Avant que l’ultrapolis en arrive à son actuelle trichotomie, l’une des cinq puissantes firmes maitresses du territoire (aka le
Big Five), avait lancé des batteries de test en labo et en zone témoin. En captivité, sur des prisonniers auxquels fit présenté le choix entre le
servage domestique (service citoyen en langue de bois) et
inoculations mutagènes (Solidarité pour la Santé des Générations du Futur). Et en réserve naturelle, pour suivre les évolutions sur lesdites générations d’avenir à partir des cobayes originels. La réserve n’étant rien moins qu’une simple remise en liberté dans les ghettos urbains où évoluait la lie de la non-citoyenneté planétaire.
La MM,
Medic Militia était financée par les conglomérats pour réaliser les prélèvements sur les cobayes bagués d’un implant - qui ne pouvait se retirer sans entrainer le décès - et effectuer un traçage de la progéniture en liberté. Tout ne pouvait que dégénérer et leur échapper, aussi bien organisée et équipée qu’était la police génétique qui se vit renforcée par les agents entrainés des boites de sécurité privées, grassement financées et rapidement rachetées par les conglos. Il n’y a plus de MM, mais une Milice unie qui œuvre pour le bien du citoyen et le protège des criminels. Et qui réalise tous les cinq ans une plongée en redzone pour rafler et récupérer les fruits dégénérés des investissements premiers. Au XXIII
ème, la planète est plus
éco-logique que jamais : tout doit être recyclé.
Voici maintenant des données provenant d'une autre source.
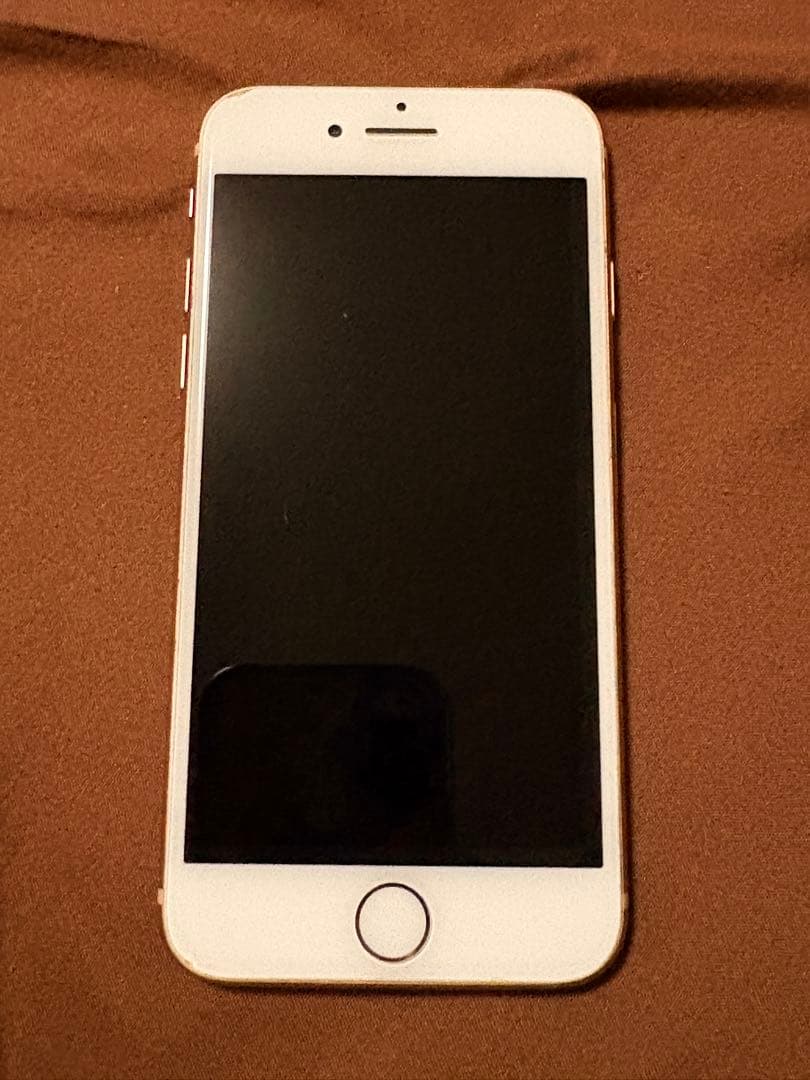 S*様 iPhone8 Gold 64GB SIMフリーバッテリー85% 純正ケ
Le capitalisme financier est mort, vive l’utra-utilitarisme.Rares sont pourtant les citoyens dignes de ce nom (la citoyenneté n'est pas un droit, elle se mérite et s'achète...) à s’aventurer dans les
RedZones des Ultrapolis et celle de Kertapolis, moins qu’aucune autre. La concentration de mutants parmi les rebuts de l’humanité y est anormalement élevée. La
Pantocracy, du haut de sa
Crystal Tower d’
Empowering Zone aseptisée, est une firme pharmaceutique spécialisée dans l’ingénierie génétique, issue d’un consortium gagnant qui fort de son succès, prolongea la collaboration et devint le monstre omnipotent de l'ultrapole. La firme fit de la ceinture extrême du territoire – la RedZone – un vivier de cobayes, son laboratoire à ciel ouvert et à moindre coût : le financement intégral de la Milice étant une dépense collatérale.
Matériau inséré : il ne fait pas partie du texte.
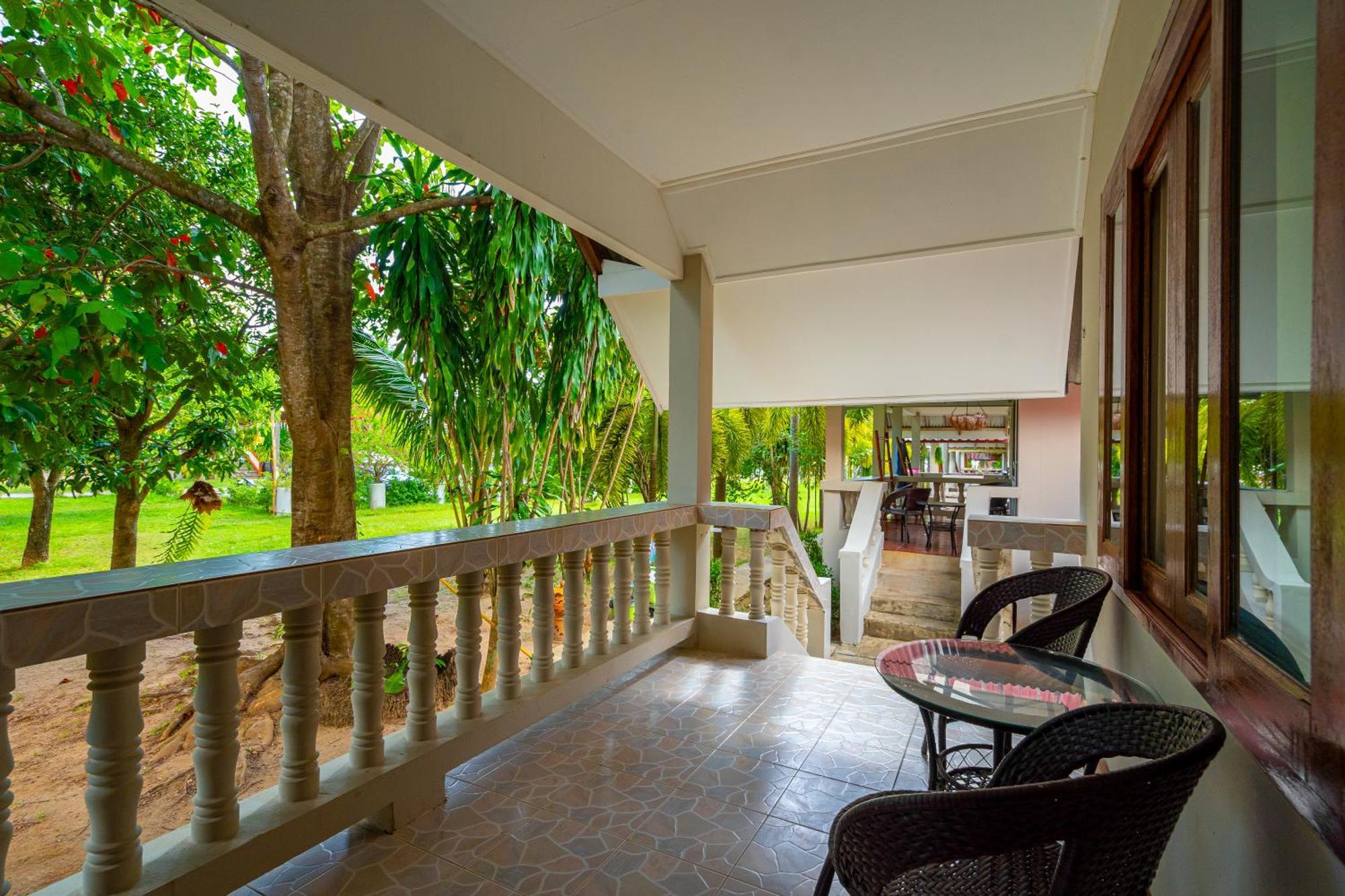 Lanta Beachfront Resort Ko Lanta Exterior foto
Certains riches citoyens issus de la
Middle Belt, la vaste conurb' commerciale et résidentielle qui regroupe l’ensemble des Kertaliens en règle et banquables, ont développé un fétiche pour l’inhumain et non contents du servage domestique que le BSCR,
Bureau du Service Citoyen pour la Réinsertion met à leur disposition, envoie des chasseurs particuliers trouver leur perle rare, là où le droit ne fait pas loi, au grand bonheur des plus aisés. Evidemment, les aristocrates et technocrates ne sont pas en reste – si l’oisiveté leur fût permise dans leur journées de
brainiacs à temps plein.
Le monde n’avait ainsi jamais vraiment changé : seule l’infortune du hasard d’une naissance décide du destin d’un homme. Et dans la lie des réprouvés, se soulève tous les cinq ans à l’occasion de la
Rafle, une violente vague de contestation que la Milice s’est toujours contentée d’écraser. Mais depuis lors que le visage de la cité s’est paré des traits d’un mutant politiquement anobli, les grondements de la fange parviennent jusqu’aux tours aseptisées en une clameur vibrante de rébellion : non-citoyens, humains et mutants confondus réclamant leur droit de cité.